The Soup Lady: The Amazing Talents of Jadzia Sklarz Stern

Submitted by Lilly Filler

Jadzia and Ben Stern, late-1950s. Image courtesy of Lilly Stern Filler.

Jadzia and Ben Stern, late-1950s. Image courtesy of Lilly Stern Filler.

Creplach or Kneidelach that was the question! 

My mom, Jadzia Sklarz Stern, was the ultimate cook and homemaker. She was the 4th of 8 children of Hadassah and Zev Sklarz of Poland and learned by watching her mother care for the family of 10. How and why my mother learned to cook remains a mystery to us all today since she was separated from her parents at age 13 never to see them again. She was a Holocaust Survivor and lost the formative years with her parents. However, not only did she survive, she thrived. Although she never had any formal education, she was a home executive and excelled in cooking, sewing, flower arranging and caring for her family. Her culinary skills were known throughout the community. 

Ben and Jadzia Szklarz Stern with their children, from left, Herbert Joel, Helena, Lilly, and William Harry, mid-1960s. Image courtesy of Lilly Stern Filler.

Ben and Jadzia Szklarz Stern with their children, from left, Herbert Joel, Helena, Lilly, and William Harry, mid-1960s. Image courtesy of Lilly Stern Filler.
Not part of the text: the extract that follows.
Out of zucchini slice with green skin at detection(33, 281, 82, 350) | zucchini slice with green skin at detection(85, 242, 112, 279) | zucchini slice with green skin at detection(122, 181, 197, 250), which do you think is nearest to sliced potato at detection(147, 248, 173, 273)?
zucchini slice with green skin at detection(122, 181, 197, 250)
Her specialties were many, but no one could make a soup like my mom.  She was The Soup Lady. When one of her 4 children (Lilly, Helena, Bill or Herb) would bring home an unexpected guest, there was always plenty of soup to go around. Without recipes, she made split pea, barley, vegetable. etc. and of course chicken soup. Her “recipe” was tasting, smelling and touching the food. She was amazing!! Yadzia’s chicken soup was renowned and continues to be made by her daughters, Lilly (me) and Helena, and her daughter-in-law Linda Cherry Stern. It was our good fortune that mom provided Linda with a recipe for her glorious Creplach, the king of all soup inclusions.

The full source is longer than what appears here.